- Rigachikun Location in Nigeria
- Coordinates: 11°16′14″N 7°24′00″E﻿ / ﻿11.2706°N 7.4000°E
- Country: Nigeria
- State: Kaduna State
- Local Government Area: Igabi

Government
- • Traditional Leader: Marigayi Muhammad Jalo
- • Chief: Falalu Bello
- • Speaker of the House: Yusuf Zailani

Area
- • Total: 42.5 km^{2} (16.4 sq mi)
- Elevation: 635 m (2,083 ft)

Population (2022)
- • Total: 78,543
- • Density: 1,850/km^{2} (4,790/sq mi)
- Time zone: UTC+1 (WAT)
- Postal code: 800102

= Rigachikun =

Town in Kaduna State, Nigeria

Rigachikun or Rigacikun is a town located in the Igabi Local Government Area of Kaduna State, Nigeria.

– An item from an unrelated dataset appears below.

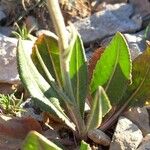 Senecio provincialis Leaf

It is situated in the northern region of Nigeria.

== Demographics ==
As of 2022, Rigachikun had a population of 78,543 residents.

== Geography ==
Rigachikun is situated at an elevation of 635 meters above sea level. It covers an area of approximately 42.5 square kilometres and is known for its landscapes, including farmlands and surrounding hills.

== Economy ==
The economy of Rigachikun is predominantly agrarian, with farming being the primary occupation of the residents. The town is known for producing crops such as maize, millet, and groundnuts.

== Notable people ==

- Hon. Hussaini Muhammad Jallo: politician, former commissioner, member representing Igabi Federal constituency, House of Representatives, 2023 to date.
- Yusuf Ibrahim Zailani: Influential politician, former Speaker Kaduna State House of Assembly.